The second question indicates the necessity of a sinner learning about Jesus Christ, the only one who can save. If a person hasn’t heard of Jesus Christ – or more specifically what Jesus Christ did for him the Cross – then he can’t be saved. Remember what Peter said in his famous Pentecostal sermon –
Salvation is found in no one else, for there is no other name under heaven given to men by which we must be saved.” (Acts 4:12 | NIV84)

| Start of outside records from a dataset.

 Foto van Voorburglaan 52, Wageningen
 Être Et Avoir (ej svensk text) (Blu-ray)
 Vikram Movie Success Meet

What’s really interesting about Paul’s quote from Isaiah in Romans 10:15 is the context of Isaiah 52. The prophet has in mind the exiles in Babylon. Not all, but many of the exiles living in Babylon were faithfully waiting for the Lord to come to their rescue. Here’s the Word of the Lord to them as Isaiah proclaimed it –
For this is what the Sovereign Lord says: “At first my people went down to Egypt to live;lately, Assyria has oppressed them. “And now what do I have here?” declares the Lord. “For my people have been taken away for nothing, and those who rule them mock,”declares the Lord.“And all day long my name is constantly blasphemed. Therefore my people will know my name;therefore in that day they will know that it is I who foretold it.Yes, it is I.” (Isaiah 52:4 | NIV84)
Tempted to give up and give in, these exiles stuck in Babylon longed to be set free. The exclamation, “How beautiful are the feet of those who bring good news,” is what these sad and sorrowful exiles exclaimed when saw the messengers coming with the news and they heard that “good news” that their exile was over and that they could go home.
Such are the “beautiful” feet of Paul and the countless preachers and missionaries down through time who were called by God and went out to proclaim the Gospel of Jesus Christ to all the spiritual exiles longing to be set free. Our Lord put it this way –
Blessed are those who hunger and thirst for righteousness, for they will be filled. (Matthew 5:6 | NIV84)
In this first study of faith, we learn the powerful lesson that without Christ nobody can be saved; that it is faith in Him and His work that results in our salvation. But nobody can gin up the faith to believe in Him unless He puts it there first. The faith to believe comes from the message of the Gospel – the Word of God. And the Gospel came first through Jesus Christ and then through the innumerable men and women whom He called to take it to those who need to hear it.